SYSTEMATIC REVIEW ON THE IMPACT OF LARGE-SCALE RAILWAY INFRASTRUCTURE ON REGIONAL CONNECTIVITY AND RESILIENCE IN THE U.S.
DOI:
https://doi.org/10.63125/p06cv674Keywords:
Railway Infrastructure, Regional Connectivity, Resilience, Passenger–Freight Impacts, United StatesAbstract
This systematic review synthesized quantitative evidence on how large-scale railway infrastructure influenced regional connectivity and resilience in the United States. After comprehensive database and grey-literature searches and two-stage screening, 68 studies met eligibility criteria and produced 214 extractable effect sizes. Connectivity outcomes dominated the evidence base with 143 effects (66.8%), while resilience outcomes contributed 71 effects (33.2%). Random-effects pooling showed positive impacts across every outcome family.
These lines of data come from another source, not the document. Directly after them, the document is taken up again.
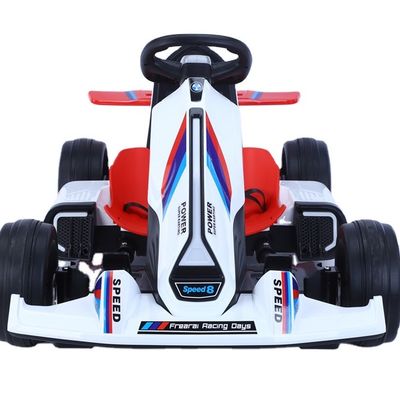 12V elektrische Pedal Kids Go Kart Fahrt mit dem Auto mit Batterie Direkt G.W. N.W. 20kg/16.5kg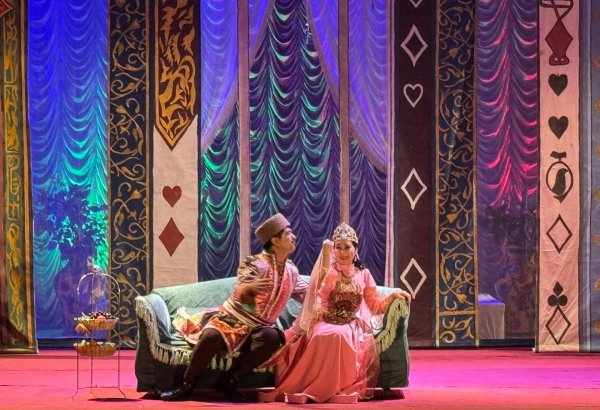 Uzeyir Hajibeyli's operetta met with great enthusiasm in Turkmenistan (PHOTO)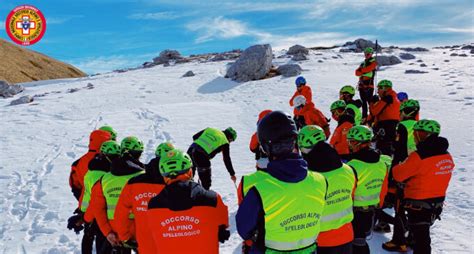 Focus Nel Lazio Interventi Di Soccorso Alpino E Speleologico Nel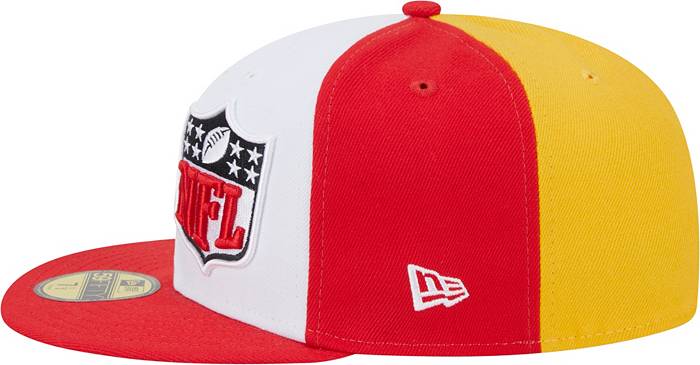 New Era Kansas City Chiefs Red 2023 NFL Draft 59FIFTY Fitted Hat
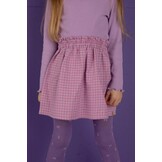 Tos Skirt Lila Checkered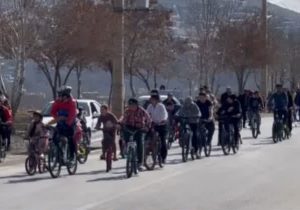 برگزاری همایش دوچرخهسواری در دماوند+ تصاویر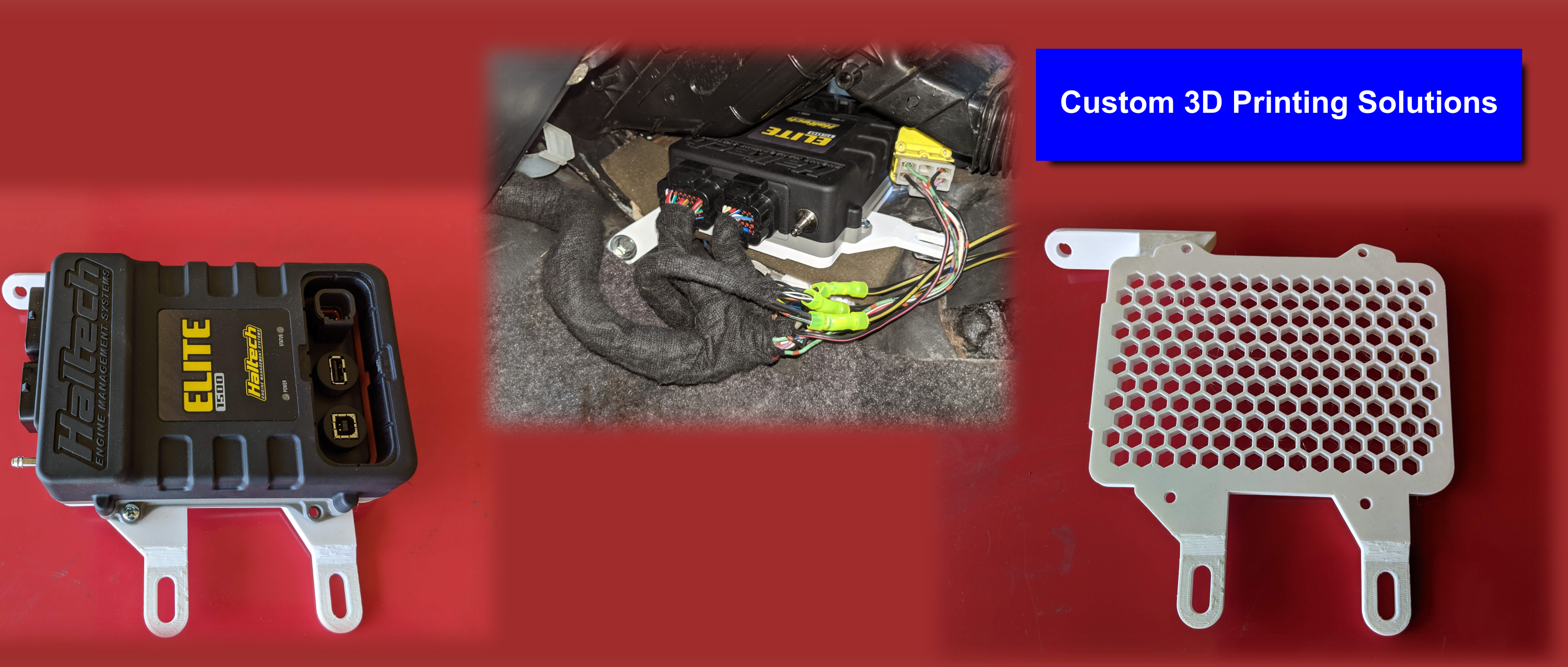 Website Front Page - 3D Printing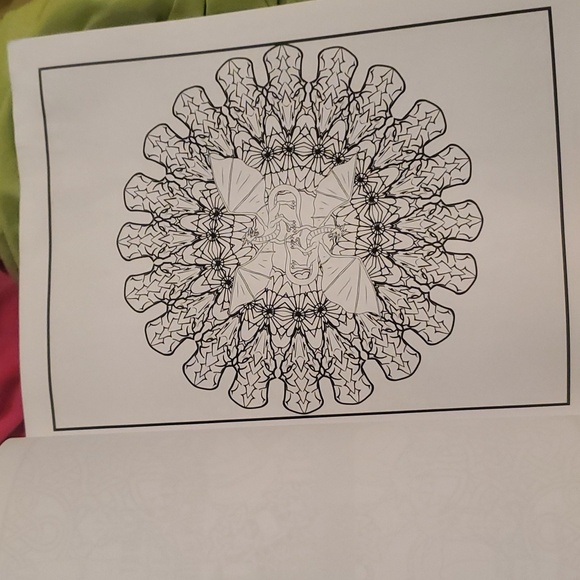 Celtics dragon coloring book - Picture 6 of 14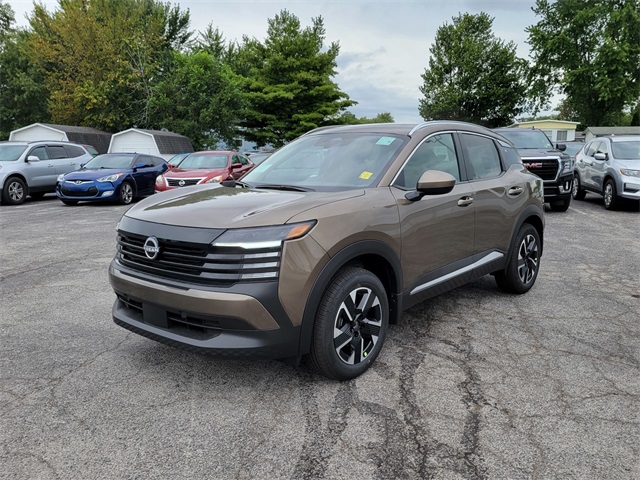 2025 Nissan Kicks SV photo 8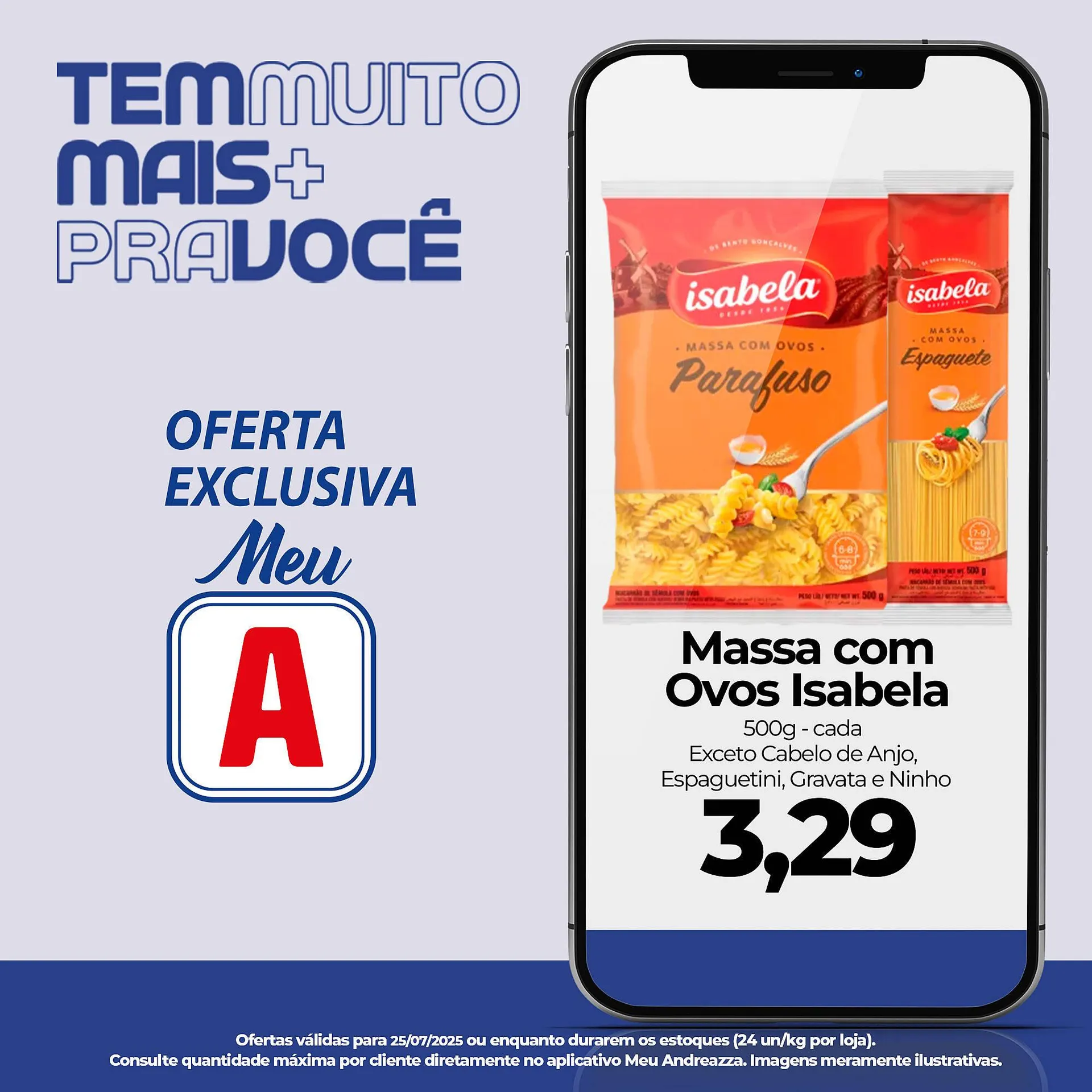 Encarte de Catálogo Supermercados Andreazza 2 de agosto até 2 de agosto 2025 - Pagina 2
Average connectivity gains were moderate in magnitude, led by accessibility expansion (pooled g = 0.41), followed by interaction‐intensity change (g = 0.35) and network‐performance improvement (g = 0.29). Resilience gains were also positive, with redundancy/robustness improvement (g = 0.33) and recovery‐performance change (g = 0.30) exceeding continuity-of-flow stabilization (g = 0.25). Heterogeneity was substantial (I² roughly 65–73% across families), supporting moderator testing. Meta-regression indicated that baseline accessibility systematically shaped effect size: low-baseline regions displayed larger proportional accessibility gains (g = 0.49) than high-baseline regions (g = 0.31), whereas high-baseline megaregion corridors showed larger absolute interaction increases. Metro scale strengthened passenger connectivity, with large metros outperforming small metros (difference ≈ 0.17 g). Freight-intensive regions registered higher freight continuity and resilience gains (g = 0.37 vs 0.21). Shared passenger–freight corridors produced stronger passenger reliability and recovery effects, while freight-exclusive corridors yielded larger freight throughput gains. Hazard context moderated resilience, as flood-exposed and coastal corridors showed the largest resilience effects (g ≈ 0.38). Sensitivity analyses excluding higher-bias or short-horizon studies preserved positive direction and significance. Overall, the evidence portrayed U.S. large-scale railway infrastructure as a dual regional intervention that strengthened everyday functional linkage and improved shock tolerance through measurable gains in access, flows, reliability, redundancy, and recovery.